Materials provided section start

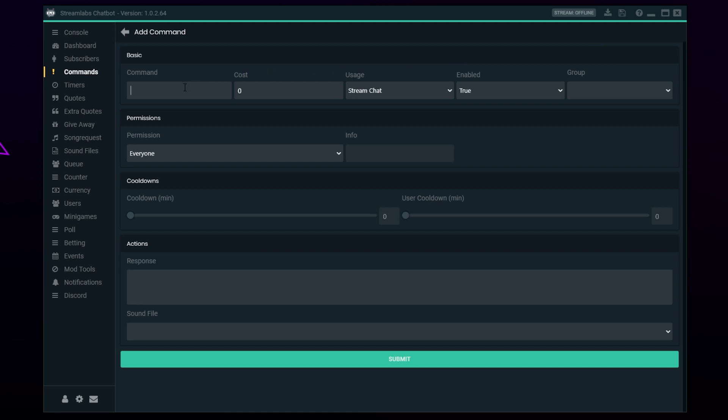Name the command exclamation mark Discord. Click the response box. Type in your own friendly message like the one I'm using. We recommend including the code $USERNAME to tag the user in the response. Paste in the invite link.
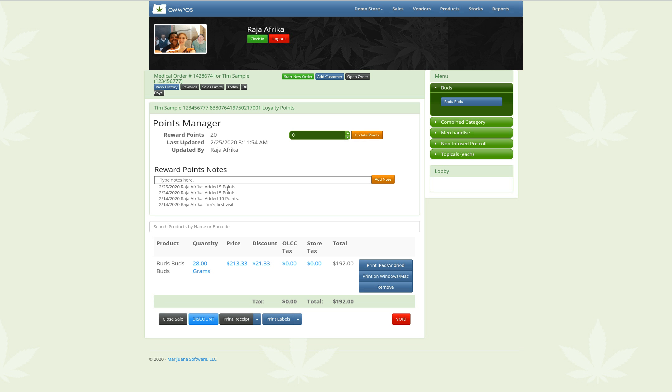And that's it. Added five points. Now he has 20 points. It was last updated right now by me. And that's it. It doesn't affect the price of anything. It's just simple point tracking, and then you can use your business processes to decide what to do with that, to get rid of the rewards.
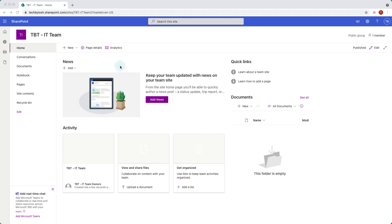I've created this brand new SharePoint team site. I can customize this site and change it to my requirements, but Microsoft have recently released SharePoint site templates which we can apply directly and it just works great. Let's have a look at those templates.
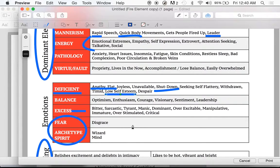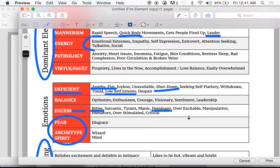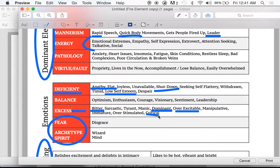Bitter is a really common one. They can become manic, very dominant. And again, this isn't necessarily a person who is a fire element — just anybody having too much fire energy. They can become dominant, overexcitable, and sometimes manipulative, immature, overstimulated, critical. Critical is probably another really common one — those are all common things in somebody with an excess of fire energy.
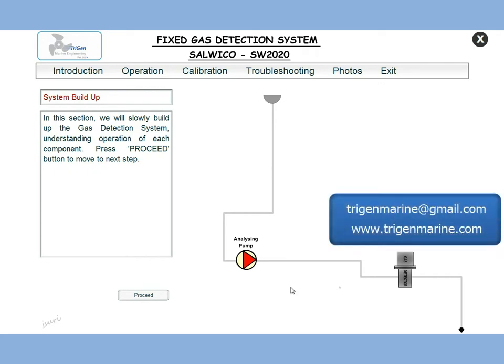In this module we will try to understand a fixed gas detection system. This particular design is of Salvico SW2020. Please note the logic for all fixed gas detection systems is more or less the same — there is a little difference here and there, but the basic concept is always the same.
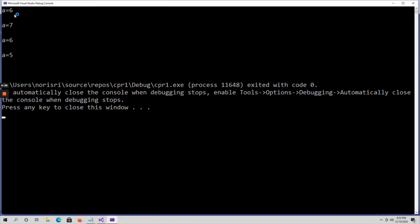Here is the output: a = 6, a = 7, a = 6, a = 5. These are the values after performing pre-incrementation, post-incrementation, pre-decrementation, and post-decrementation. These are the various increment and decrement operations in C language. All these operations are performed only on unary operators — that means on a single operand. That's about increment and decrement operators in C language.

Materials provided section end
Materials provided section start

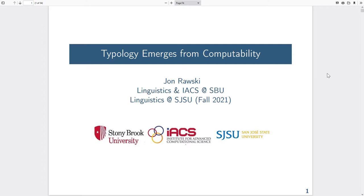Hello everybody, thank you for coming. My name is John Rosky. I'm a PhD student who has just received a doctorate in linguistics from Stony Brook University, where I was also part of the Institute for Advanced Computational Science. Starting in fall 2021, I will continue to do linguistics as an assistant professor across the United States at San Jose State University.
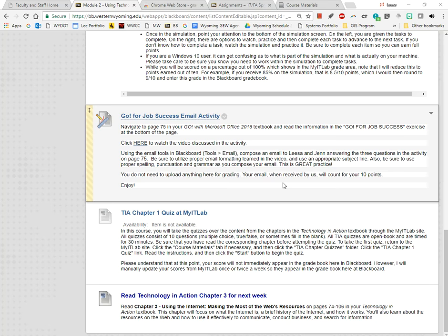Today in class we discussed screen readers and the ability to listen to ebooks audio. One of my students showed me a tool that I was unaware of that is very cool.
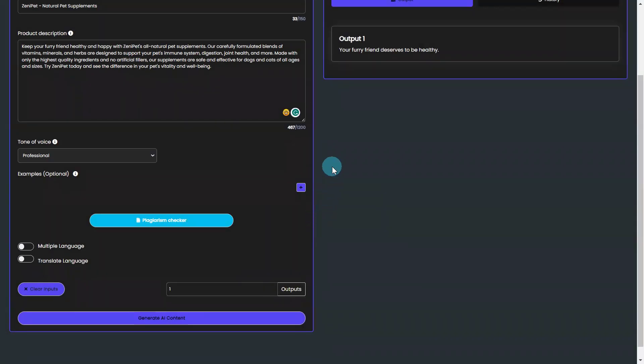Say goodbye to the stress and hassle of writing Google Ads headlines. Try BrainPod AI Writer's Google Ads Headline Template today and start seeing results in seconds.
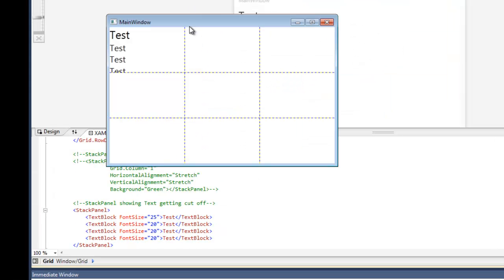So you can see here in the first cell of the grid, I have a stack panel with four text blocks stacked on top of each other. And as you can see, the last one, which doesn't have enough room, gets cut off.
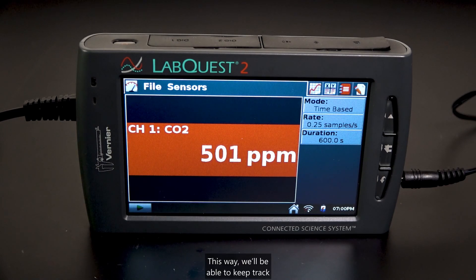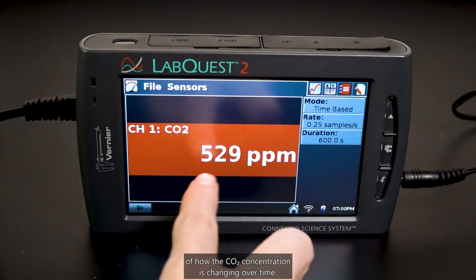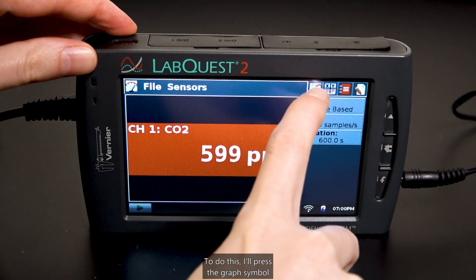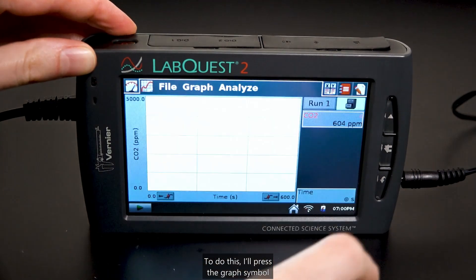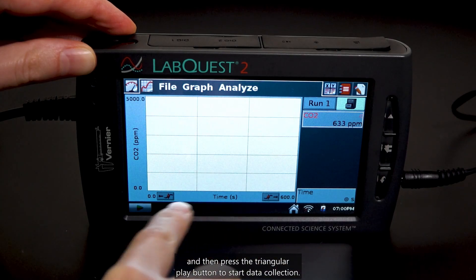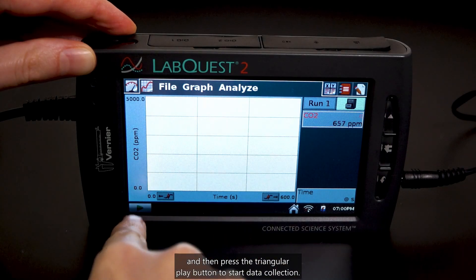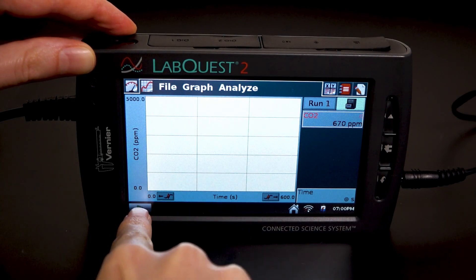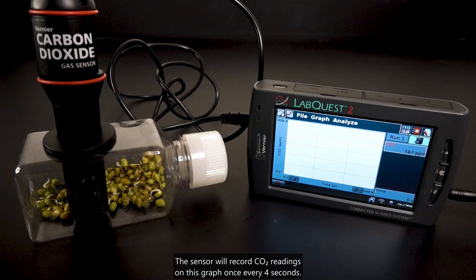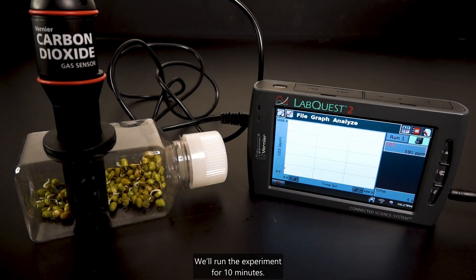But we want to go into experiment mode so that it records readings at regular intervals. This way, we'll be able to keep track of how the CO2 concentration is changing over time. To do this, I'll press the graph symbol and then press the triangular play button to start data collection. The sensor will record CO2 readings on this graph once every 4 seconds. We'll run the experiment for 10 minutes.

Materials provided section end

Exercise description: Only the lines above from the one containing "Bitter is a" through the one containing "In this module" should be returned, verbatim and inclusive, with pictures excluded.

Task result:
Bitter is a really common one. They can become manic, very dominant. And again, this isn't necessarily a person who is a fire element — just anybody having too much fire energy. They can become dominant, overexcitable, and sometimes manipulative, immature, overstimulated, critical. Critical is probably another really common one — those are all common things in somebody with an excess of fire energy.
In this module we will try to understand a fixed gas detection system. This particular design is of Salvico SW2020. Please note the logic for all fixed gas detection systems is more or less the same — there is a little difference here and there, but the basic concept is always the same.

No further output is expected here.